A method that uses only "fake" or randomly generated outcomes to estimate overfitting is not learning at all, but could reasonably be called unsuperised learning.  It provides a way to estimate the bias due to overfitting that is inherent to the analytical strategy.  Put another way, if you can get a decent $R^2$ from random data, you have a problem with your predictive algorithm.
A method that uses a mixture of "real" and "fake" outcomes is supervised learning.
A: TLDR; supervised vs unsupervised is just an classification, as any other classification, it is simplified and does not describe the reality perfectly, as in real-life nothing is black and white and you can always find areas of gray.
First, let's look at two definitions from the popular machine learning handbooks. In Pattern Recognition Bishop defines it as follows:

In other pattern recognition problems, the training data consists of a
  set of input vectors $\mathbf{x}$ without any corresponding target
  values.
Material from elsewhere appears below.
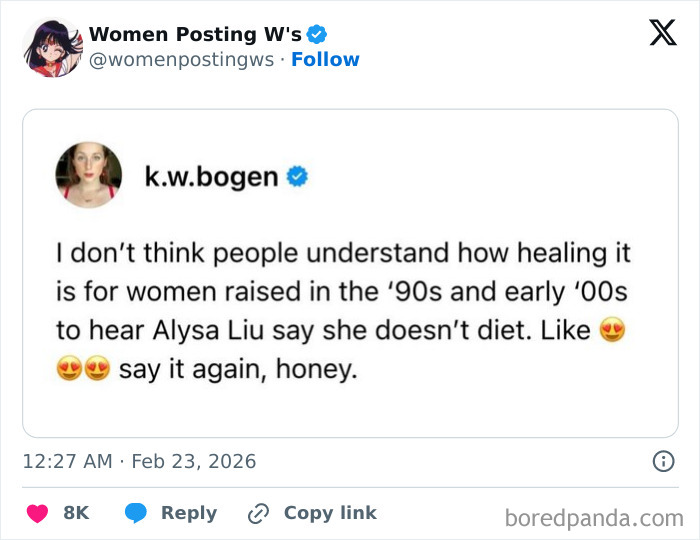 Let's Celebrate Every Win: Women Cheering Each Other On Like Total Superstars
The goal in such unsupervised learning problems may be to
  discover groups of similar examples within the data, where it is
  called clustering, or to determine the distribution of data within
  the input space, known as density estimation, or to project the data
  from a high-dimensional space down to two or three dimensions for the
  purpose of visualization.

Hastie, Tibshirani and Friedman in The Elements of Statistical Learning define it as

In the unsupervised learning problem, we observe only the features and have no measurements of the outcome. Our task is rather to
  describe how the data are organized or clustered.
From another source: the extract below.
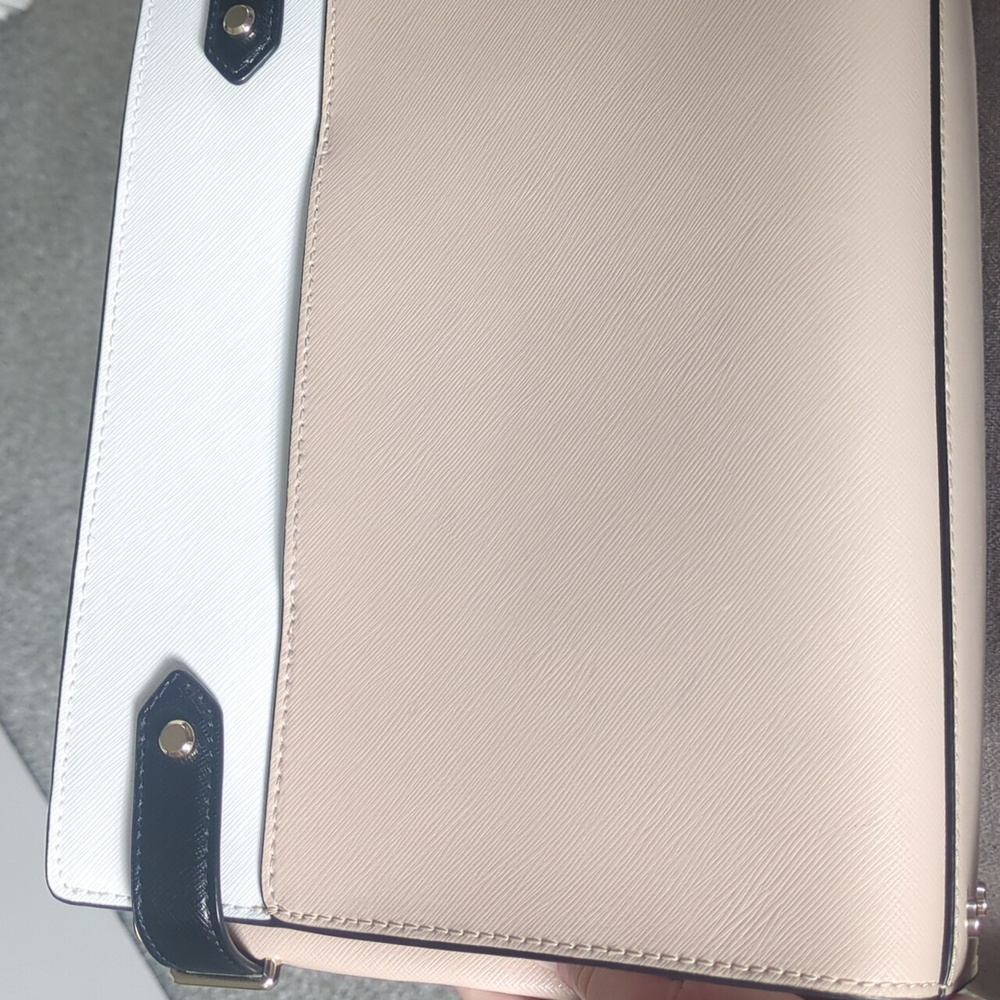 Kate Spade Staci Satchel Medium - Picture 5 of 6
So basically, in supervised learning, you learn a function of your data, that lets you predict some labels (classes in classification, numeric values in regression). In unsupervised learning you don't have labels, you learn some kind of representation of the data from the data.
So when neural network learns how to re-create, or simulate an image, it is an unsupervised learning problem, as you are learning representation of the data. When given the data you try to classify or predict something, it is an supervised problem.
I am not an expert in neither deep learning, nor GANs, but what I know about them is coherent with what Wikipedia says

One network generates candidates and the other evaluates them.
  Typically, the generative network learns to map from a latent space to
  a particular data distribution of interest, while the discriminative
  network discriminates between instances from the true data
  distribution and candidates produced by the generator. The generative
  network's training objective is to increase the error rate of the
  discriminative network (i.e., "fool" the discriminator network by
  producing novel synthesised instances that appear to have come from
  the true data distribution).

so you can say that GANs do both: learn representation of the data, and given the labels of fake data, learn how to distinguish fake data from real. GANs use two networks that compete: one is unsupervised and the other supervised. Moreover, GANs are pretty special algorithm since they are designed to sample from the unobservable distribution of adversarial examples, so you can say that their ultimate goal is to learn the representation of the distribution (unsupervised problem).
A: Both definitions that you quoted are essentially the same. The idea's that in supervised learning you observe $x,y$, where $x$ are predictors and $y$ are responses. You try to map the inputs to outcomes as $y=f(x)$, i.e. try to extract mapping $f(.)$ from the observed data $(x,y)$. 
In unsupervised learning you do not observe responses $y$. You try to extract both the unobserved responses $y$ and a mapping $f(.)$ from observed data $x$. Naturally, it's more difficult than supervised learning.
A: The problem that GAN solves is unsupervised learning. There is no label only a set of unlabeled samples from the distribution (or all the samples have the same label). The method used to solve the approach is combining two supervised systems. The method is something different from the problem.